The controversy over the National Security Agency’s surveillance programs has exposed a problem in the oversight of those programs: The development of the relevant technology has outpaced the laws and policies that govern its use.
“The technology is moving very fast,” says Joel Brenner, a former NSA general counsel. “Legislation moves very slowly. Policy moves pretty slowly. The people who write policy don’t always understand technology, and the people who write legislation almost never understand technology. And so in an era when the technology is moving quickly, it’s really hard for the policy to keep up with it.”
Examples of that mismatch arise from the NSA’s main responsibility, which is to gather signal intelligence. Since the Sept. 11 attacks, its paramount mission has been to listen in when terrorists communicate. Anne Neuberger, a special assistant to NSA Director Keith Alexander, says the challenge can be summed up in a single sentence: “Our duty,” she says, “requires us to attempt to collect terrorist communications wherever they traverse global infrastructure.”
A key word there is “wherever.” If a terrorist is using a particular communications system the NSA will go there to intercept it, even if means breaking an encrypted communication. Inevitably, this can raise privacy concerns.
“If the NSA wants to collect the emails or phone calls of a terrorist or a foreign diplomat, that target is probably using … a BlackBerry or an iPhone,” Brenner says. “That means that in order to collect that person’s communication, the NSA has to be able to break the encryption that you or I might use.”
And there may be no way around that fact, says Neuberger, whose job at the NSA is to work with the private tech companies that carry those communications.

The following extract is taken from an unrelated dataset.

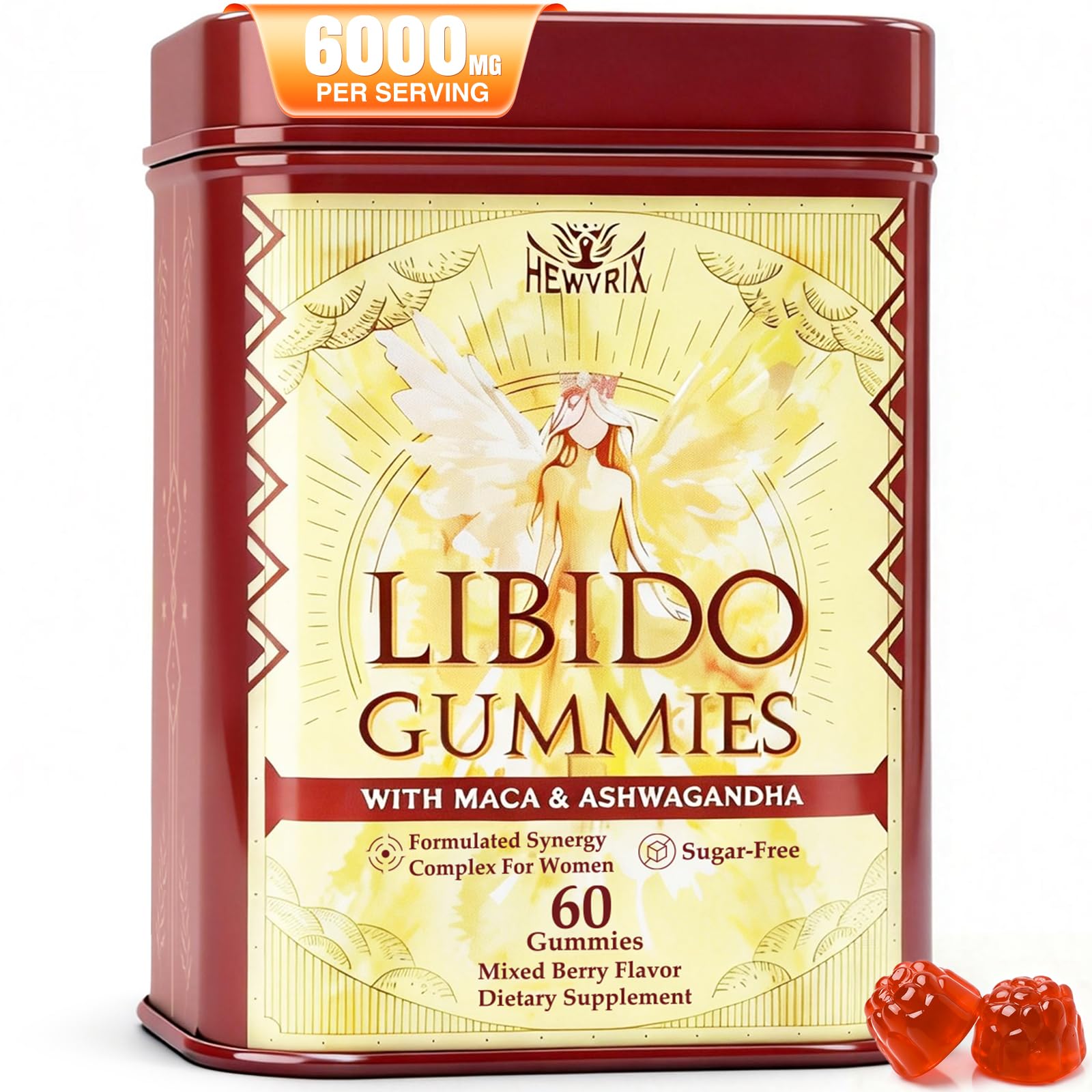 Libido Support for Women with 1500mg Maca & 1000mg Ashwagandha, 60 Gummies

“We’d love to magically segregate bad guys’ ‘comms,’ as we call them, and good guys’ ‘comms,’ ” she says. “You can’t technically do it. They’re intermixed. Communications are fundamentally intermixed today.”
Privacy Versus Security
If the NSA is going to intercept terrorist communications, it has to be capable of intercepting everyone’s communications. This raises a conflict between ensuring privacy and ensuring national security. It’s one of the problems that need to be sorted out as the country considers new surveillance rules.
Another conflict arises from NSA’s efforts to break into the computer systems that foreign intelligence targets may use. To do that, NSA technicians may look for a software flaw in that computer system; a flaw, for example, in some commercial product used in that system. It’s called a “vulnerability,” and the NSA can take advantage of it to penetrate the system.
Christopher Soghoian, a technologist at the American Civil Liberties Union, says NSA officials therefore have an interest in not telling the commercial provider of that software about any flaw they find in the product.
“When they learn about those vulnerabilities, they have to sit on them and exploit them rather than telling Microsoft or Google or Apple or Facebook,” Soghoian says.
In Soghoian’s view, this means another conflict between the government’s interest in ensuring the security of our networks against cyberattacks and the government’s interest in being able to go into those networks to gather intelligence.
“If cybersecurity is, in fact, a big threat, then our government should be doing everything in its power to make sure that systems are as safe and secure as possible against all adversaries,” Soghoian argues. “But what we’ve learned is that the NSA is willing to weaken the security of systems and software used by U.S. companies because it gives them an edge in surveillance.”
NSA officials insist that whatever they’re doing with U.S. companies is within the law. And Neuberger says her boss, Alexander, says protecting U.S. computer systems is the priority.
“Gen. Alexander has given clear guidance,” she says. “Defense wins.”
But there is a tension. Right now, the agency with the cybersecurity mission — the U.S. military’s Cyber Command — is co-located with the NSA. Alexander oversees both agencies. The NSA surveillance controversy has raised the question of whether the two should be separate. It’s one of the many surveillance issues currently under debate by policymakers and legislators.
President Obama himself has welcomed the debate. In a recent interview with NBC News, Obama said the NSA’s technology, budget and capacity have “outstripped the constraints. And we’ve got to rebuild those.”